Jane and husband Buff in 2005 - courtesy of the family
Jane at the December 2017 Ladies of Pro Rodeo Banquet in Las Vegas.
The first horse house trailers on display at the Quarter Horse Congress in Columbus, OH in 1972.

The next day, on a date with another cowboy, she was introduced to Buff and she realized who he was. “I knew I had made a big mistake,” she said.
She dated a couple of cowboys, seeing Buff occasionally, but he never paid any attention to her. In January of 1956, she was about to get his attention. She was at the Ft. Worth Rodeo, sitting with the contestants’ wives and girlfriends, looking down the stairs where the contestants were. “I was conniving,” she laughed. “I saw him start up the stairs, and I just happened to be going down the stairs.” This time, he stopped; they shook hands and talked a bit, and he asked her to the dance that night.

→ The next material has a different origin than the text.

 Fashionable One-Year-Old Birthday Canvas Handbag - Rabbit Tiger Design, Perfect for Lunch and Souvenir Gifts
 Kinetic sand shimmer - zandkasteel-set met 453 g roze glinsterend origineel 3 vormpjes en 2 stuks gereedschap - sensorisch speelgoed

By the time the dance was over, they knew they would marry. “I say it was God,” Jane said. “It was His design, from start to finish. It was wonderful. We were still just as in love to the day he passed away.”
They married in September of 1957 and rented a house, no bigger than a studio, in Wichita Falls. He rodeoed and Jane traveled with him, as her job with the oil company allowed. Their first child, April, was born in 1959.

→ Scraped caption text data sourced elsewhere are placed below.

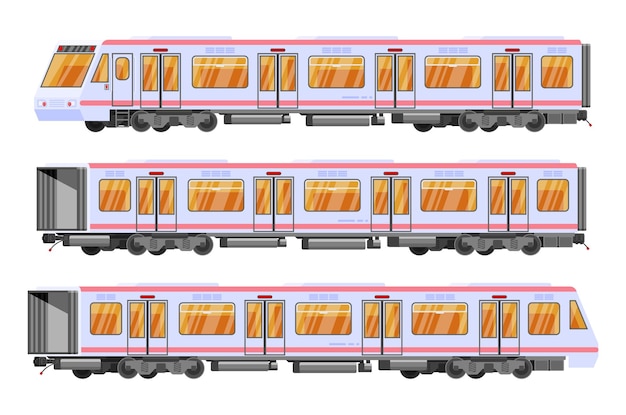 Vector gedetailleerde set ondergrondse treinwagons geïsoleerd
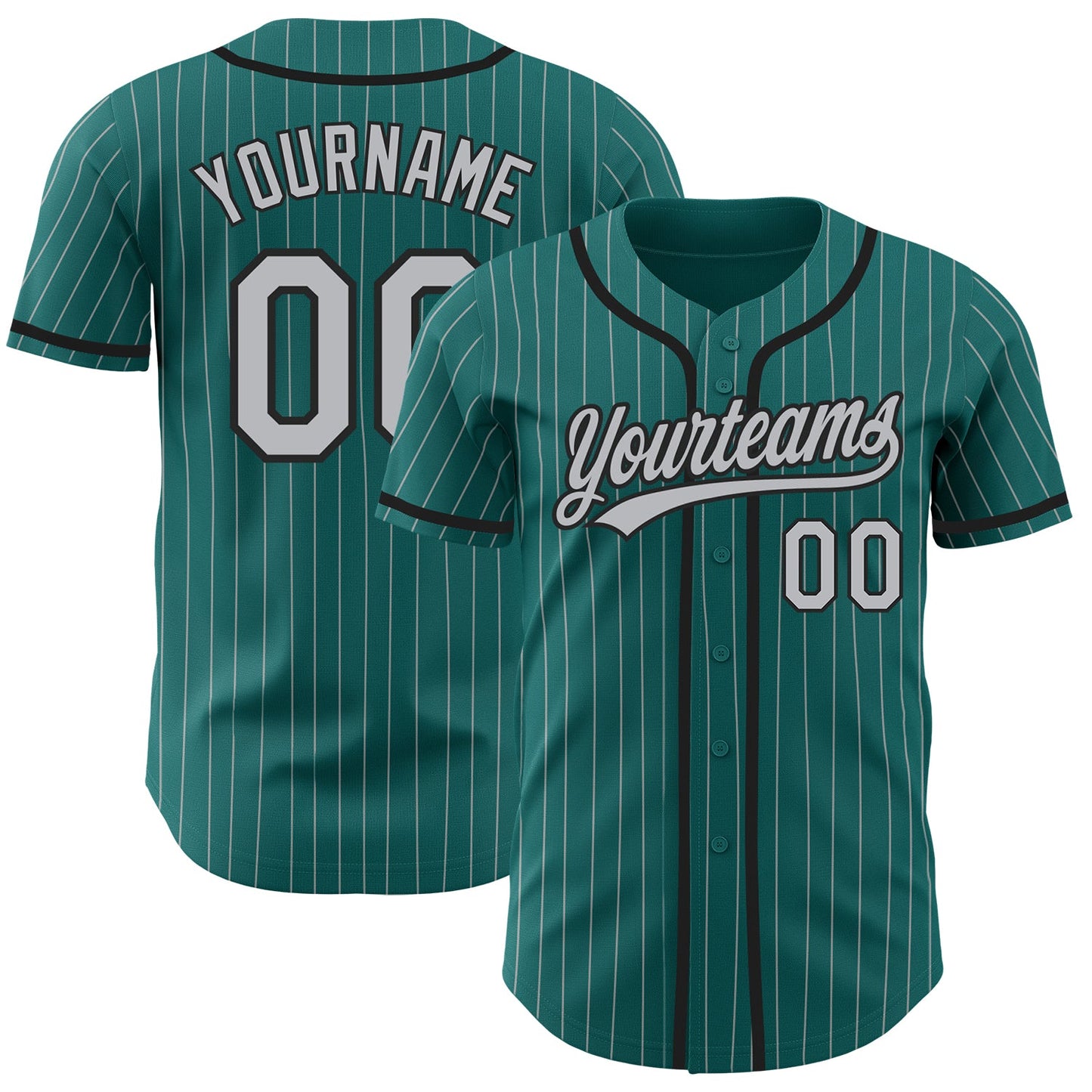 Custom Teal Gray Pinstripe Black Authentic Baseball Jersey - Main View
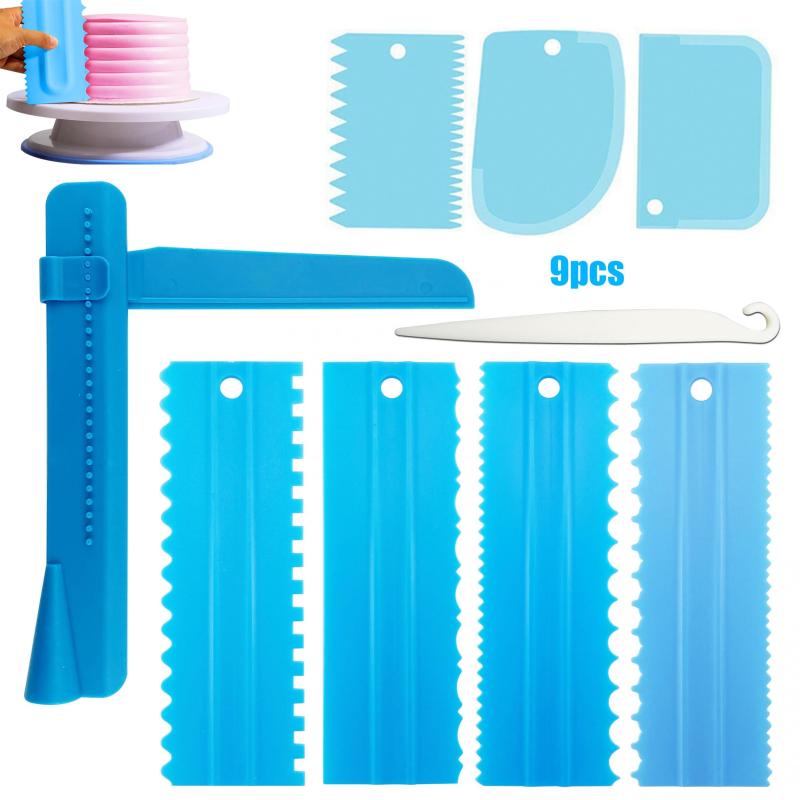 9pcs Cake Scrapers Plastic Cake Smoothers Baking Tools Kitchen Gadgets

In 1958, Jane quit work to travel with Buff. At that time, they lived in Throckmorton, where her parents had moved. Three years later, Buff helped train race horses at Hialeah Race Track in Miami, Florida, and Jane and April spent the time with him. Buff and Jane bought a used Air Stream Trailer to live in while in Florida.
In 1962, the family moved to Ardmore, Okla., where they had some horses and cattle on fifteen acres. Buff continued to rodeo and that year, their son Jason was born.
It was in the 1960s that Jane took another role with rodeo. She had timed rodeos for Beutler Bros. but decided if she was on the road with Buff, she could be earning some money, too. She learned to secretary rodeos and worked for Hoss Inman, Mel Potter of Rodeos, Inc., and others. This was before computers, when a secretary had to do all the work by hand, including typing day sheets. Often, Buff would drive while she balanced a typewriter on her knees and put together judges’ sheets. “I have always said that if you can (secretary rodeos) and not make a mistake, you can do anything in the world. Boy, what a responsibility,” Jane said. “I loved it.”
While Buff rodeoed and his family and children traveled with him, they traveled in a car with a horse trailer, staying at hotels. But that year, the price of a room at the Holiday Inn went up $10 a night, “and that was bad news for every cowboy,” Jane remembered. That fall, Buff started planning and designed “horse house trailer”. He, along with a carpenter, in the Douthitt garage, started building a trailer that included a compartment to house horses. When spring came, the Douthitts left for the rodeo trail in their own custom designed horse house trailer, and everybody who saw it wanted one, Jane said. For several years, Buff tried to build one or two in the slow season to sell in the spring.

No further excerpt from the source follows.